- _What you have to do_
Please transcribe the data that follows exactly as given, leaving out every picture.

- _Data records_
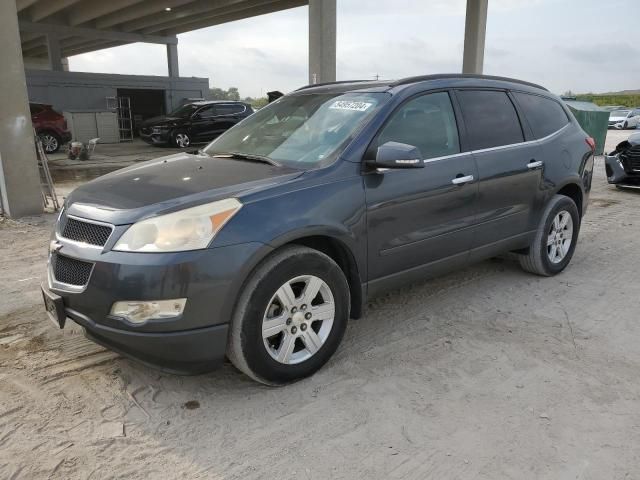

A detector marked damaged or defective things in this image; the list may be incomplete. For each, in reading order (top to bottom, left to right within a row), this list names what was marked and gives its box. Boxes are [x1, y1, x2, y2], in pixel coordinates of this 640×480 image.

black damaged car [139, 100, 252, 147]
black damaged car [604, 133, 640, 191]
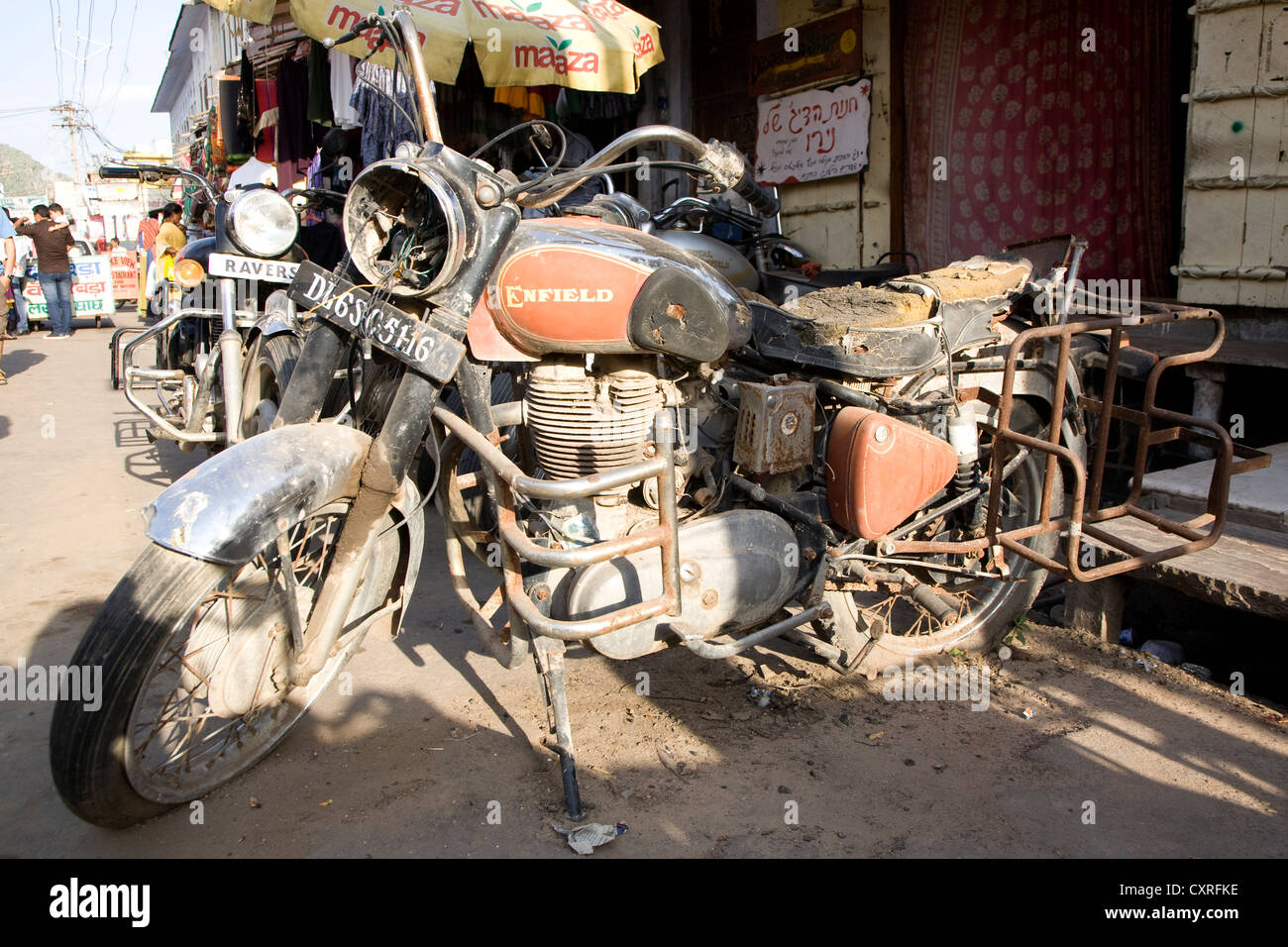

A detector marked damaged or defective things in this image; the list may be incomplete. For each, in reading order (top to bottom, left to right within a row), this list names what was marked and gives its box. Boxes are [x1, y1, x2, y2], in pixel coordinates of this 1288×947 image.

rusty metal rack [891, 307, 1272, 581]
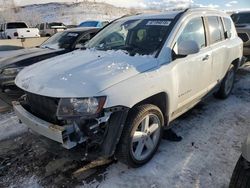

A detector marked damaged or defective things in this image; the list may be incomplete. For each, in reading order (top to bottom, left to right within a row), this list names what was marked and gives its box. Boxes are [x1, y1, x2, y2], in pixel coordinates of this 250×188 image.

crumpled front bumper [12, 100, 79, 149]
damaged front end [12, 92, 129, 159]
broken headlight [56, 96, 106, 118]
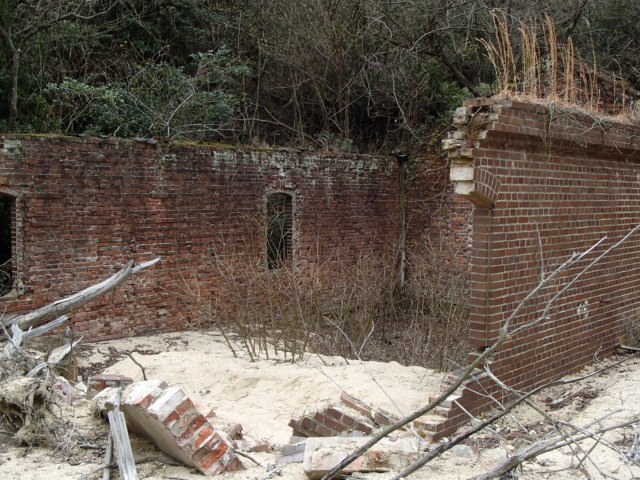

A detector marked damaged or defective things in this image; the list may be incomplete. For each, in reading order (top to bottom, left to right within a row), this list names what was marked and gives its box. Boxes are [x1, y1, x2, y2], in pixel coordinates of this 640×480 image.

broken concrete slab [94, 380, 244, 474]
broken concrete slab [302, 436, 430, 480]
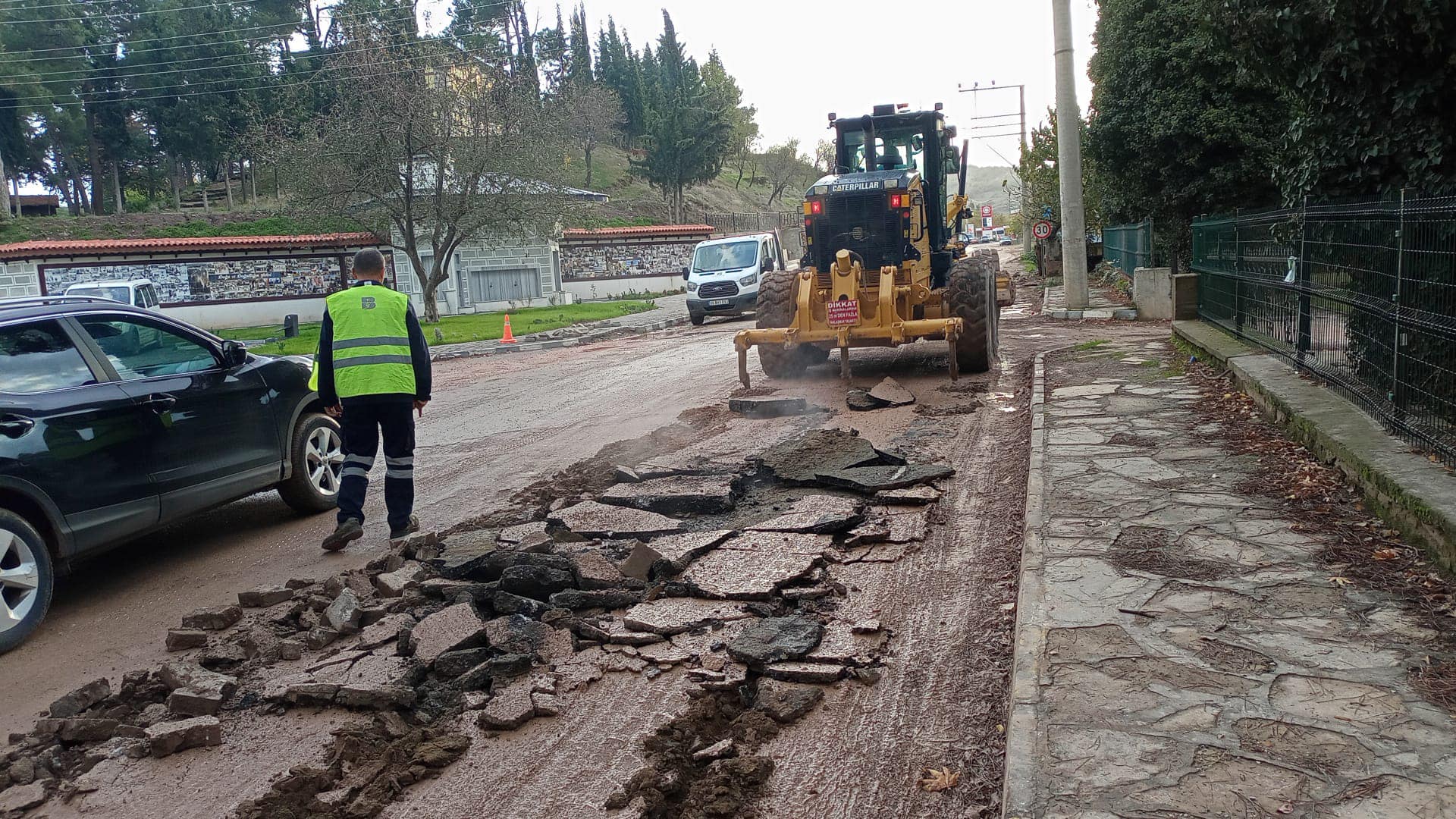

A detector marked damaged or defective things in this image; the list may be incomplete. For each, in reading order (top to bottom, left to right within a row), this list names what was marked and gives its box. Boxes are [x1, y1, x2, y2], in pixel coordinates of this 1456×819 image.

- _Finished task_
A detector marked damaged or defective things in this image; the list may be incomplete. For each, in reading order (top to bottom, left to right within a row), this list names what was marked and gives its box. Boxes are [x1, y1, x2, y2], in pixel coordinates of this 640×480 image.

black damaged car [139, 100, 252, 147]
black damaged car [604, 133, 640, 191]

A detector marked damaged or defective things in this image; the list may be incomplete. For each, in reading order (top to bottom, left to right within a row), this list names what was marked and gives its box. Boxes are [x1, y1, x2, y2], in pixel coordinates of this 1288×947 image.

rusty metal rack [891, 307, 1272, 581]

A detector marked damaged or defective things in this image; the list may be incomplete. For each, in reading order (top to bottom, left to right within a row), this list names what was marked and gives its box. Boxes are [x1, y1, x2, y2], in pixel coordinates of this 250×188 image.

crumpled front bumper [12, 100, 79, 149]
damaged front end [12, 92, 129, 159]
broken headlight [56, 96, 106, 118]

A detector marked damaged or defective things in this image; the list may be incomplete. For each, in reading order (top to bottom, left to right within a row), this list names what was marked and gives its box. Boxes are [x1, y1, x2, y2], in pixel coordinates of this 640×480 image.

broken concrete slab [94, 380, 244, 474]
broken concrete slab [302, 436, 430, 480]

A detector marked damaged or defective things in this image; the list may be incomplete. For each, in reading order (top to bottom, left to right within a row), this list names what was marked and gives its box. Boxes are [x1, y1, x2, y2], in pixel coordinates of this 1456×819 image.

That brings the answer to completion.